At the conclusion of the portion
so extended his Lordship dealt at length with the evidence and made some
further observations with respect to the law. This latter part constituted a
larger portion of the charge than that handed to the jury. It is well
established that a charge must be considered as a whole. With this in mind, it
seems impossible to conclude otherwise than that the jury, in the course of
their deliberations, would inevitably give more weight to the portion
transcribed than to that part which they had heard but verbally expressed in
the court room. Moreover, in this particular case there was that portion which
counsel for the defence had discussed at the
[Page 115]
end of the learned trial judge's
charge and upon which the learned judge made further comment, which he repeated
to the jury as he handed them the typewritten portion. It would, therefore,
seem, as a matter of principle, that a part of a charge should not be handed to
the jury.
No case was cited in support of
such a portion being handed to the jury. There are jurisdictions in the United States
where the practice of delivering a copy of the judge's charge to the jury is
recognized by statute. In other jurisdictions it seems to be permissible, even
without a statute, and in that country there is authority for the giving of a
copy of a penal section of the law to the jury, but there does not seem to be any
decision which would support the view that a substantial portion of the charge
could be delivered to the jury.
It may be that a section of the Code,
or even a small passage of a learned trial judge's charge, with the consent of
counsel concerned, may be handed to the jury, but even then the question must
remain whether, in the circumstances, there has been prejudice or miscarriage
of justice. Where, however, as here, the transcribed part of the charge
contains important references to the evidence and contentions made on behalf of
the Crown, and but slight reference to the evidence and none to the contentions
on behalf of the defence, there can be no doubt but that the giving of such a
portion to the jury ought not to be permitted.

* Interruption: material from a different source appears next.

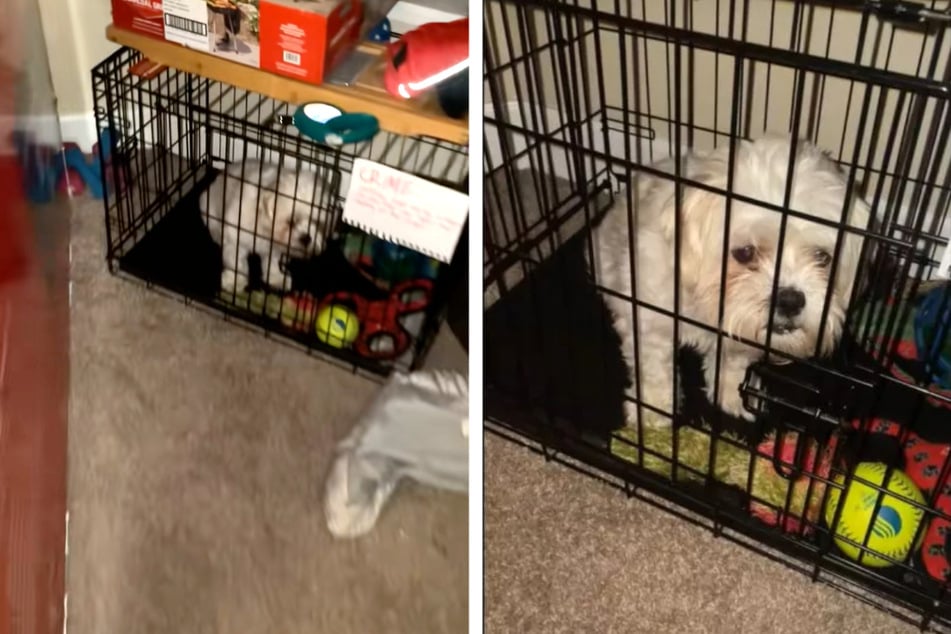 Woman comes home to find her dog locked in a cage – what happened?
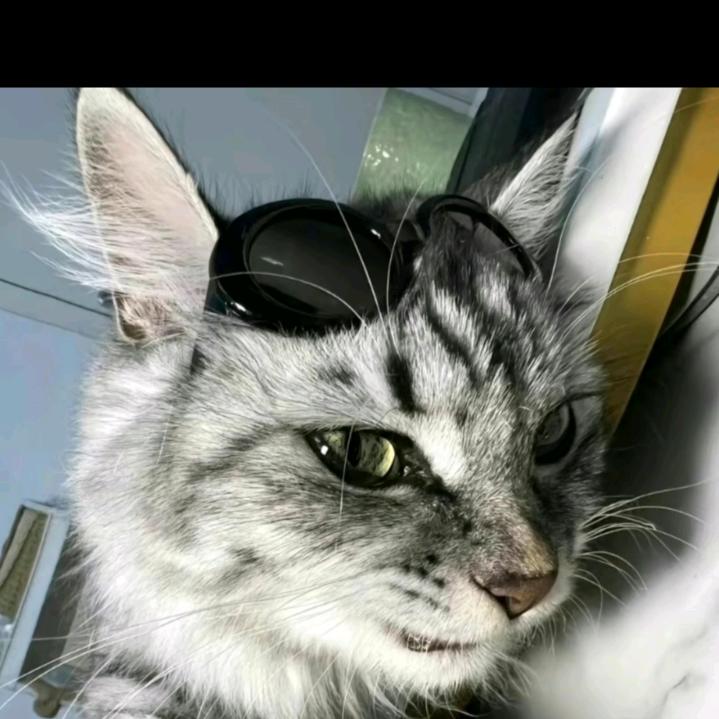 小超梦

The learned trial judge, discussing
the duty of the jury to arrive at a fair and just conclusion, warned them that
sympathy ought not to be a factor in their deliberations and went on to call
their attention to the fact that sympathy might have a place in a consideration
of executive clemency. At the conclusion of his charge counsel for the defence
took the position that from his Lordship's remarks with respect to executive
clemency the jury might conclude that he was of the opinion that this was a
case in which a conviction should be found and executive clemency exercised.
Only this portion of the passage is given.